The remake jettisons the Mars setting in favor of a post-chemical-war Earth where living space is at a premium, and the two inhabitable nations (roughly the U.K and Australia) are feuding for resources and control. The overcrowded cityscapes are an impressive sight at first, until it becomes obvious that the look is really just a mash-up of more famous films, including Minority Report, Blade Runner and I-Robot. There are some cool sci-fi touches: a gun that shoots electrified cables, phones implanted in wrists and, best of all, a commuter train tunnel that runs through the earth's core, operating like a massive Demon Drop ride. Though you have to wonder: If these societies can handle a public works project this huge, why not just work on cleaning up the toxic waste?

Colin Farrell is the blandest of leading men; a credible actor, but charisma-deficient — no matter how many times the studios tell us he's a star. Even if he's a better fit as a paranoid average guy, he's working in the hulking shadow of Arnold Schwarzenegger, who made up for a lack of chops with raw power and iconic screen presence.

The original also offered a stark contrast between the leading ladies, the icy blond Valkyrie in Sharon Stone, and the decidedly earthier Rachel Ticontin (remember her?
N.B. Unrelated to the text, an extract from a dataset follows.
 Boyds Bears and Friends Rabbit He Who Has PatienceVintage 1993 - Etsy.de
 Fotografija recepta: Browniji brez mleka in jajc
No, of course not). Here the gals battling over Quaid's soul are Kate Beckinsale and Jessica Biel, too-perfect beauties who seem like flipsides of the same shiny coin. Beckinsale (Wiseman's off-screen girlfriend) at least is having fun as the loving wife turned deadly villain, though everyone else remains joylessly focused.

The major difference between past and present is that the go-for-broke, muscular absurdity of '80s action flicks has been replaced by sleekly efficient, computer-controlled competence. There are winks to the previous version's highlights, but the old humor, invention and risk have been replaced with slick "bullet-time" effects trickery. Forget quasi-fascist governments — the real tyranny is mediocrity.